Nowadays, shipping agencies do not have systems to forecast the availability of empty containers. They keep track of the movements of containers and the ordered transport operations while maintaining an updated stock, which is contrasted with the information received from empty container depots. Therefore, shipping agencies make decisions based on the current stock of containers and the experience of the equipment control department. However, they would make better decisions with the support of good predictions of the stock of containers using the information available.

With the help of artificial intelligence, this work aims to improve the effectiveness in short-term and mid-term planning operations of the Spanish agency of COSCO Shipping Lines, the world's third-largest shipping company in terms of container traffic. It is expected an improvement in the quality of service level to clients by avoiding situations of lack of availability of empty containers thanks to the quality of the forecasts.

The real-time prediction of the empty container delivery and demand in certain inland depots is a complex task. Therefore, previous work has been concentrated in optimizing the container transport operations by reducing the empty container movements [3] and in optimizing the repositioning of empty containers using various techniques such as evolutionary algorithms [4], policy-based decision making [5], and Multi-Agent Reinforcement Learning techniques [6].

In this paper, we selected Artificial Neural Networks (ANN) as it is used to cope with complex forecasting problems in applications with a high level of uncertainty that need to take into account several variables at a time. We wanted to verify if ANN models can be effectively used to make short/mid-term predictions of the delivery and withdrawal of empty containers from the warehouses. To train our ANN models, we used the date and time related parameters, and the different events generated along the containers’ shipment journey as input variables. In this paper, we show the results for the most frequently used container type (i.e. 20 feet containers) by the local agencies. The same approach can be used for the other types.

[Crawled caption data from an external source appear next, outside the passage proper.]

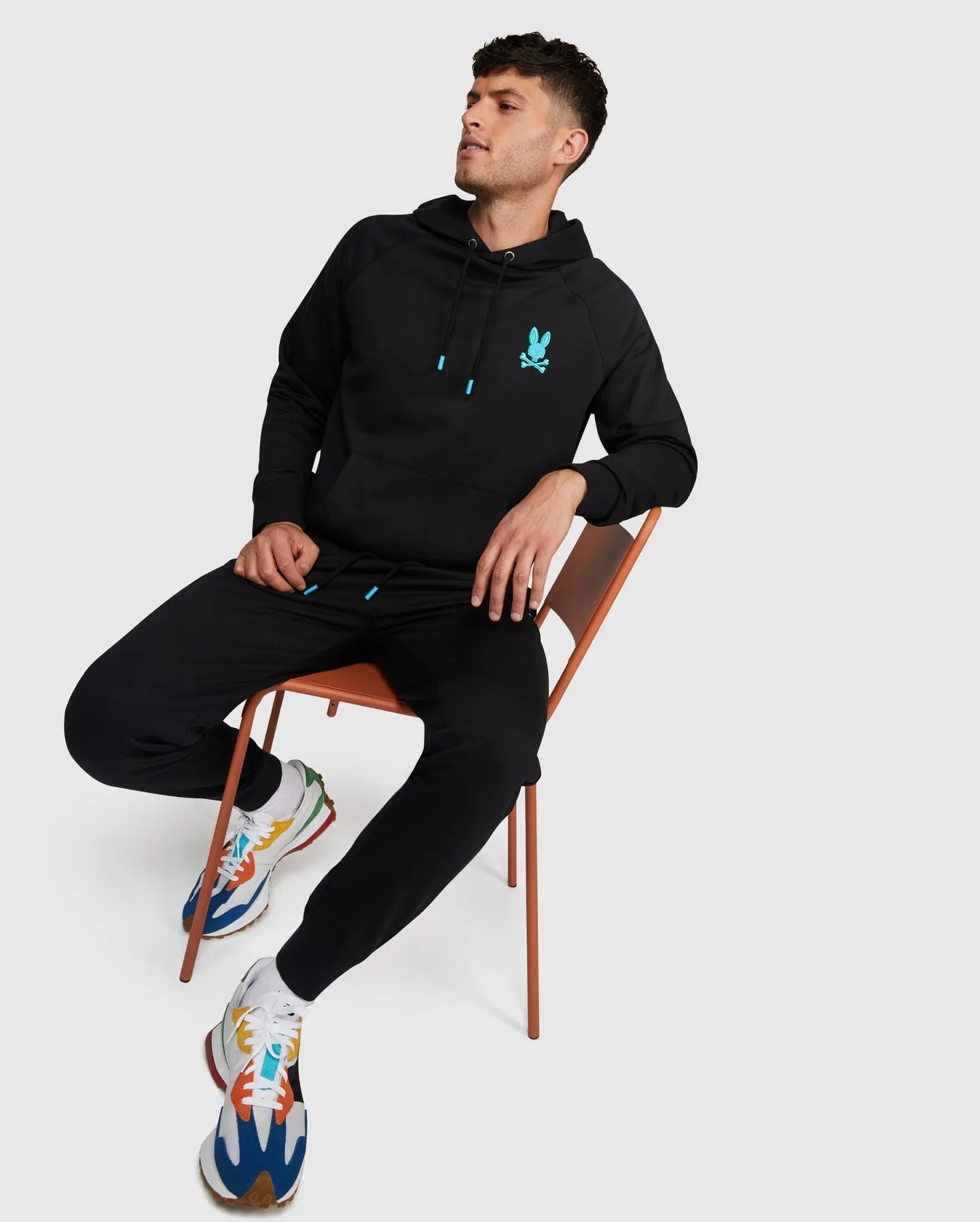 Psycho Bunny Bennett Popover Hoodie in Black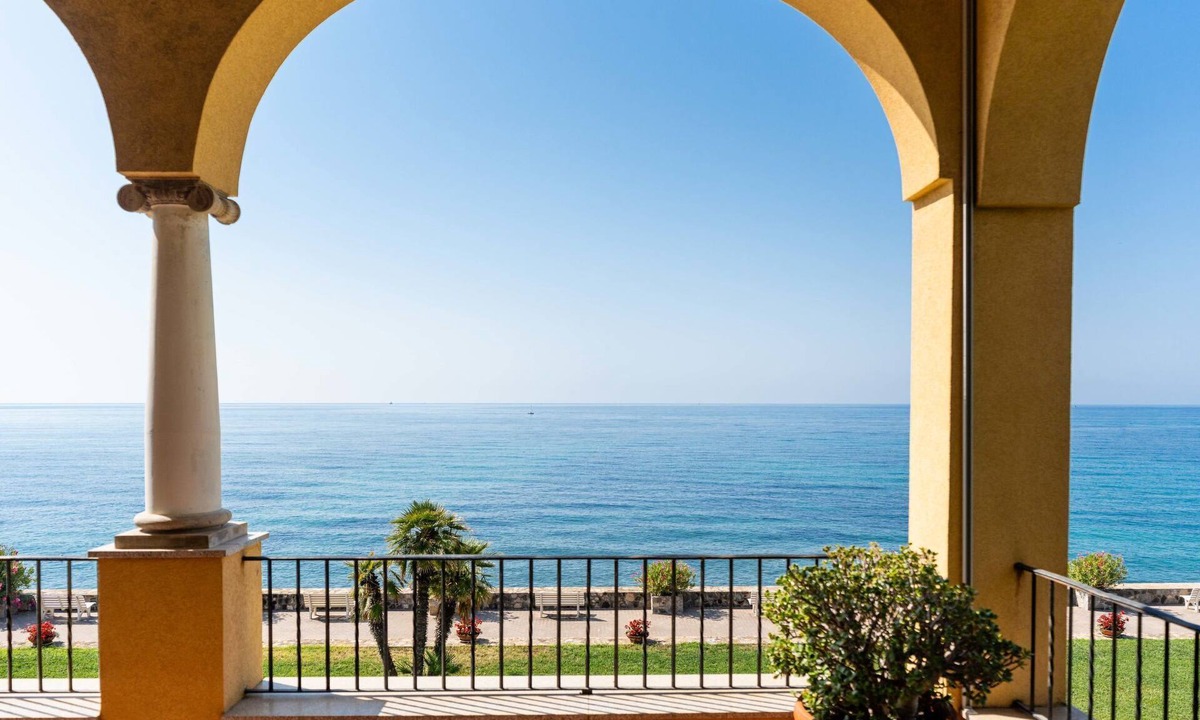 Latte Apartment | Loggia sul mare by Interhome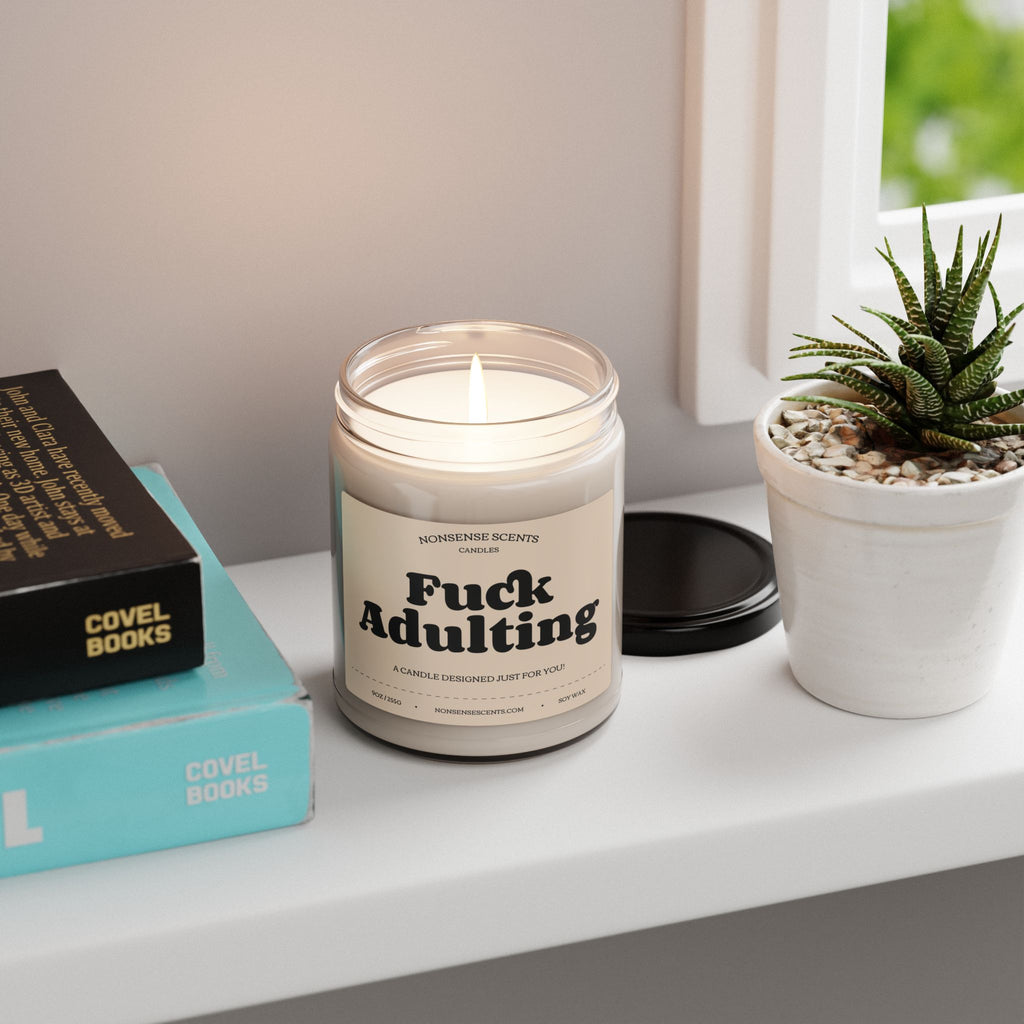 Vela perfumada con forma de broma y divertido regalo de Nonsense Scents: Fuck Adulting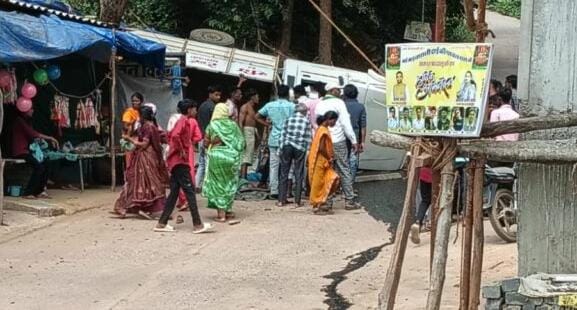 मां मड़वारानी मंदिर दर्शन के लिए जा रहे श्रद्धालुओं से भरी पिकअप पलटी, 10 वर्षीय बच्चे की हालत गंभीर मां मड़वारानी मंदिर दर्शन के लिए जा रहे श्रद्धालुओं से भरी पिकअप पलटी, 10 वर्षीय बच्चे की हालत गंभीर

The paper is structured as follows: in Sect. 2, the empty container management process is described and the different data sources are identified. In Sect. 3, we provide the Exploratory Data Analysis of the variables used to fit our models. The data pre-processing steps are presented in Sect. 4. In Sect. 5, we describe the ANN architecture of our solution and the method used to build our models. Results of the evaluation and its further discussion are presented in Sect. 6. Section 7 provides the main conclusions resulting from this work and proposes some guidelines for future work.

2 Empty Container Management Process

Generally, a container can have 3 states: empty, full and in maintenance. A depot is a warehouse used by the shipping and logistic companies to keep their empty containers until it is time for reloading of goods. In the process of export of goods, the empty container (EC) leaves a warehouse to be loaded at a client, transported to the port of origin, loaded on a vessel and transported to the destination country. In an import process, the loaded container arrives at the port of destination, is unloaded at the port terminal and is delivered to the carrier that takes it to the goods’ destination. The emptied container is finally taken to the EC depot selected by the shipping agent.

The flow of ECs in a depot is generally determined by the delivery of ECs by the carriers to the depot (i.e. confirmed entries) and the delivery of ECs by the depot to the carriers (i.e. confirmed exits). These operations are also known as Acceptance and Release of ECs. The number of confirmed entries and the number of confirmed exits per day are the target variables that we want to predict. These two variables will help the shipping agents to know the actual stock of ECs in the near future.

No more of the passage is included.